Mengapa kebebasan berpikir dan mengungkapkan pendapat dianggap bernilai dan
layak dilindungi? Seorang penyair dalam suratnya menulis bahwa kebenaran dan
pengetahuan sangat dihargai. Berikut kutipan tulisan seorang penyair John
Milton, “Di mana hasrat untuk belajar begitu besar, di sana pasti terjadi
banyak perdebatan, tulis-menulis, lontaran pendapat, karena pendapat dalam diri
orang-orang baik tak lain adalah pengetahuan yang sedang berproses”.
Masyarakat Indonesia tentunya masih
ingat dengan agenda reformasi yang diusung oleh mahasiswa saat itu. Ketika
tahun 1998 seruan akan reformasi menjadi semakin lantang, terdengar juga
tuntutan agar pemerintah demokratis akan dijalankan dengan lebih terbuka.

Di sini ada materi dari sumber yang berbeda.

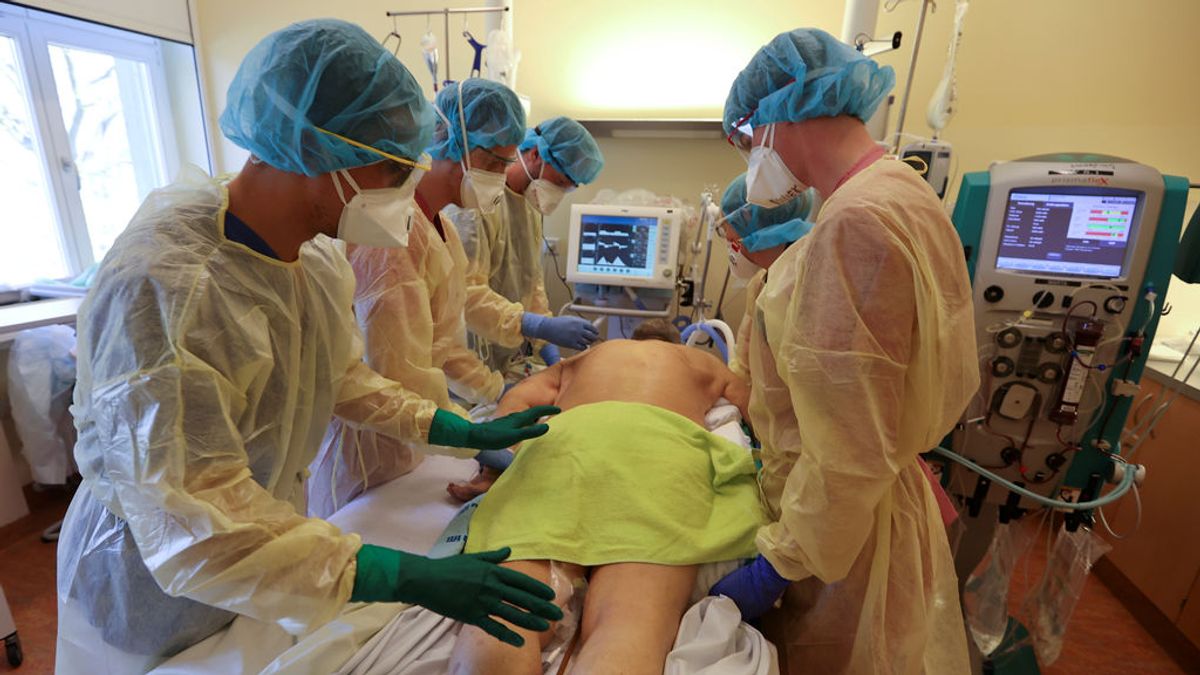 Las secuelas de la Covid-19 en el corazón: inflamación y marcas similares a las de un infarto Las secuelas de la Covid-19 en el corazón: inflamación y marcas similares a las de un infarto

Keterbukaan atau transparansi menjadi slogan yang didengungkan di mana-mana.
Tuntutan itu sampai berkumandang dalam sidang Istimewa MPR 1998. dalam Tap
No.XI/MPR/1998 sebagai berikut, “(1) Penyelenggaraaan negara pada
lembaga-lembaga eksekutif, legislatif, dan yudikatif harus melaksanakan fungsi
dan tugasnya dengan baik dan bertanggungjawab kepada masyarakat, bangsa dan
negara, (2) Untuk menjalankan fungsi dan tugas tersebut, penyelenggara negara
harus jujur, adil, terbuka, dan terpercaya serta mampu membebaskan diri dari
praktek korupsi, kolusi, dan nepotisme”.